Previous efforts to infer environmental-specificity of PPIs includes integration of tissue-specific gene expression from GTEx. Integrating expression information to infer context may be useful, particulary when used with literature-derived annotations. Here we provide quick access to the processed data for expression of 16011 proteins across 53 derived from the Human Integrated Protein-Protein Interaction rEference (HIPPIE) and provide some useful examples for manipulating the data.

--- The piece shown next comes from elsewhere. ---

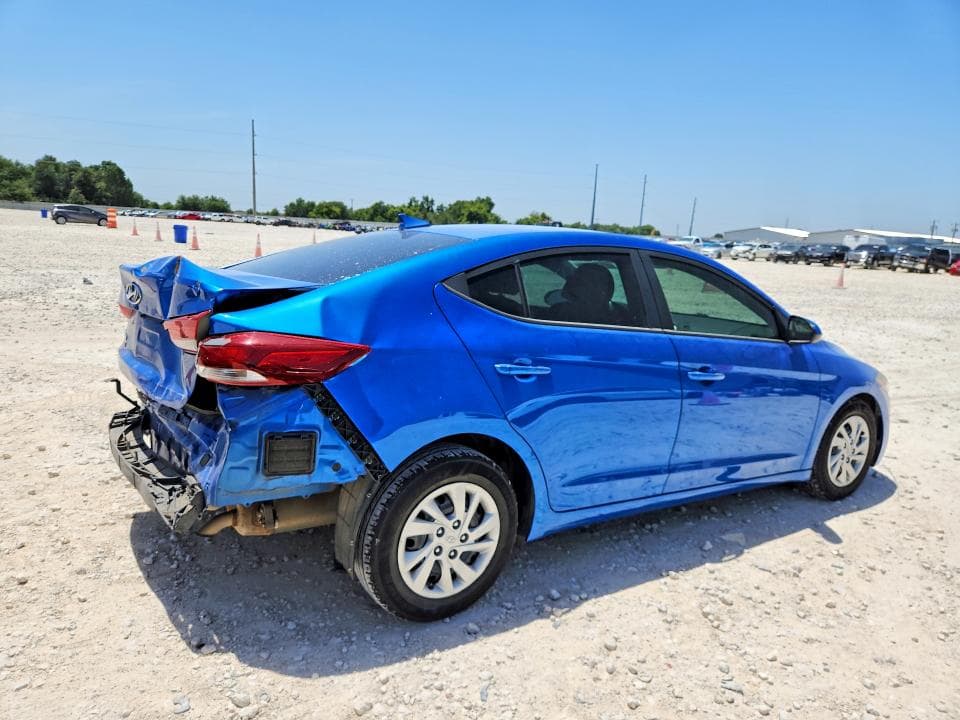 2017 HYUNDAI ELANTRA SE 3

tissues <- read.delim("data/v_1_00/Tissues.txt")
tissues <- janitor::clean_names(tissues)
If a protein is expressed above a certain threshold in a given tissue, it is deemed active (1) in that tissue.
tissues[1:5,1:5]
adipose_subcutaneous adipose_visceral_omentum
A1BG 1 1
A1CF 0 0
A2M 1 1
A2ML1 0 0
A4GALT 1 1
brain_cerebellar_hemisphere brain_cerebellum brain_cortex
A1BG 1 1 1
A1CF 0 0 0
A2M 1 1 1
A2ML1 0 0 0
A4GALT 0 0 1
dim(tissues)
[1] 16011 53
Load in the PPIs…
ppi <- data.ppi("data/v_1_00/PPI-Context.txt")
Here we are just taking the top cell lines with the most PPIs to assign tissue specificity.

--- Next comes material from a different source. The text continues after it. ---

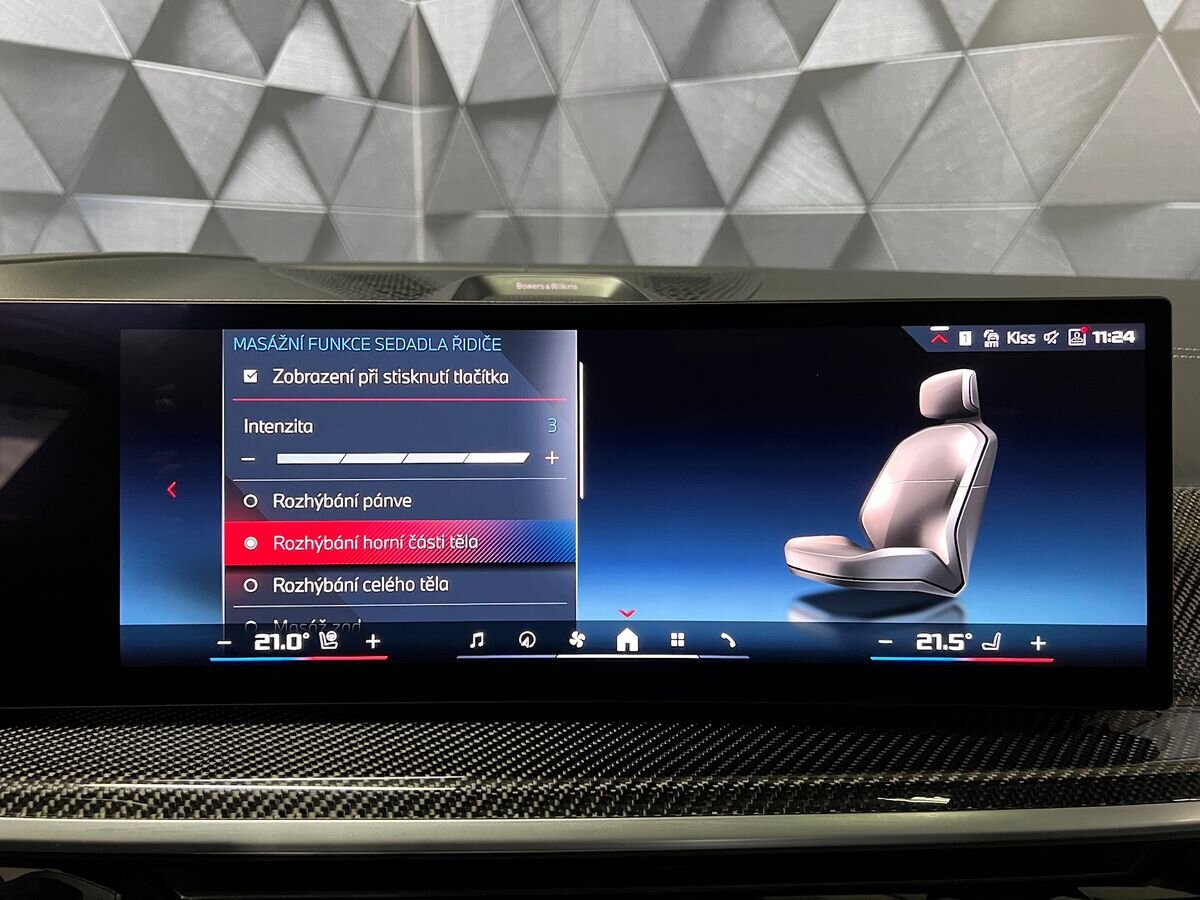 BMW X7 SUV / Terénní 4,4 l 390 kw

cells <- data.frame(sort(table(ppi$cell_name), decreasing=TRUE)) %>% magrittr::set_colnames(c("var", "freq")) %>% head(25) %$% var %>% as.character() head(cells)
[1] "HeLa" "HEK293T" "HEK293" "HCT 116" "MCF-10A" "MCF-10AT"
dfs <- mapply(function(cell) { df <- ppi %>% dplyr::filter(cell_name == cell) %>% dplyr::select(gene_a, gene_b) }, cells, SIMPLIFY=FALSE)
An interaction is active in a tissue if both interacting partners are expressed in that tissue. Here is an example of using this data to create a PPI x Tissue matrix of tissue-specificity for the subset of PPIs annotated with the HeLa cell line.
df <- dfs[["HeLa"]] df %<>% dplyr::mutate(ppi = paste(gene_a, gene_b, sep=" / ")) example <- sapply(tissues, function(tissue) { tissue.expressed <- rownames(tissues)[tissue == 1] df$gene_a %in% tissue.expressed & df$gene_b %in% tissue.expressed }) %>% magrittr::set_rownames(df$ppi) dim(example)
[1] 179407 53
example[1:5,1:5]
adipose_subcutaneous adipose_visceral_omentum
PIK3R2 / ERBB2 TRUE TRUE
SMURF2 / ARHGAP5 TRUE TRUE
NF2 / ERBB2 TRUE TRUE
SLA / VAV1 TRUE TRUE
LYN / KIT TRUE TRUE
brain_cerebellar_hemisphere brain_cerebellum brain_cortex
PIK3R2 / ERBB2 TRUE TRUE TRUE
SMURF2 / ARHGAP5 TRUE TRUE TRUE
NF2 / ERBB2 TRUE TRUE TRUE
SLA / VAV1 FALSE FALSE FALSE
LYN / KIT TRUE TRUE TRUE
The dimensionality of the data is large, rather we can try to summarize it by looking at the total activity of cell-specific PPIs across different GTEx tissues.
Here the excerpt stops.